Brief:
From the entries below, return only the lines starting at the one that contains "a happy birthday" and ending at the one that contains "Delivery man riding red scooter illustration", exactly as they stand.

Given records:
• • •
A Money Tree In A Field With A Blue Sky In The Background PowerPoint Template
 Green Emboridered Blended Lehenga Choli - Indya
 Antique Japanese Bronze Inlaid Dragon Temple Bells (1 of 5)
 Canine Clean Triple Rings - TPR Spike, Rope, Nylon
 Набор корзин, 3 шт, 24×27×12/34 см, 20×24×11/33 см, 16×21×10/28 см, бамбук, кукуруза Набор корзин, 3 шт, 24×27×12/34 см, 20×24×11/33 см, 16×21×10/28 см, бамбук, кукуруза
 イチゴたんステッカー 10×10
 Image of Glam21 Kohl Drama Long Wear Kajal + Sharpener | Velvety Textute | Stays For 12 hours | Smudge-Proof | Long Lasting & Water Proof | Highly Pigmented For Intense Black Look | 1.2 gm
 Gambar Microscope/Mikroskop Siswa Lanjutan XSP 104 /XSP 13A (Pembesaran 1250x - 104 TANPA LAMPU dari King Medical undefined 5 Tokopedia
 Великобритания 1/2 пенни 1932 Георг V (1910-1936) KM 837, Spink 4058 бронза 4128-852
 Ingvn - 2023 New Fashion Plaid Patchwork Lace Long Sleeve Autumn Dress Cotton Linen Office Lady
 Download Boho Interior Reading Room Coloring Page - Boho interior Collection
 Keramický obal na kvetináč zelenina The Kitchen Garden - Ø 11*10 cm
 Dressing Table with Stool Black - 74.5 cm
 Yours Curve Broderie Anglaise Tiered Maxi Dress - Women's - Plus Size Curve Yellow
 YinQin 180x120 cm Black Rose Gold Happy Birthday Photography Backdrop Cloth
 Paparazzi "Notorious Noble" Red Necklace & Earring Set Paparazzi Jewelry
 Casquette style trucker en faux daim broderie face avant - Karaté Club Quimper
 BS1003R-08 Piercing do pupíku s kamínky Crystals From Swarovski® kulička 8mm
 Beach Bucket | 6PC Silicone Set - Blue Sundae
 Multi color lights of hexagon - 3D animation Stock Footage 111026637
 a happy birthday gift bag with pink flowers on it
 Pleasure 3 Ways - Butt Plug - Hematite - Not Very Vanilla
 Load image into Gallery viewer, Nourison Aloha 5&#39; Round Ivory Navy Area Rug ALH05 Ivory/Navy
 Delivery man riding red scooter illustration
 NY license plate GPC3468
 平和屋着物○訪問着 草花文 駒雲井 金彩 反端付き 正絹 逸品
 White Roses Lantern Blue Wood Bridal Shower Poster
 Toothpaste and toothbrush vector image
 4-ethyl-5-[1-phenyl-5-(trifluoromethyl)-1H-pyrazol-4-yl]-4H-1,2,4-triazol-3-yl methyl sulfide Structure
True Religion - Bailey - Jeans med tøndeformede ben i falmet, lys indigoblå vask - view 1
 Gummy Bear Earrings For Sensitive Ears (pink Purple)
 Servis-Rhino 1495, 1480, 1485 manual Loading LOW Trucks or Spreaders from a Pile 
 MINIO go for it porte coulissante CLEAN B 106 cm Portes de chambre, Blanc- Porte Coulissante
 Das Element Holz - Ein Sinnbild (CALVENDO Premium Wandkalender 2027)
• • •
Response area:
 a happy birthday gift bag with pink flowers on it
 Pleasure 3 Ways - Butt Plug - Hematite - Not Very Vanilla
 Load image into Gallery viewer, Nourison Aloha 5&#39; Round Ivory Navy Area Rug ALH05 Ivory/Navy
 Delivery man riding red scooter illustration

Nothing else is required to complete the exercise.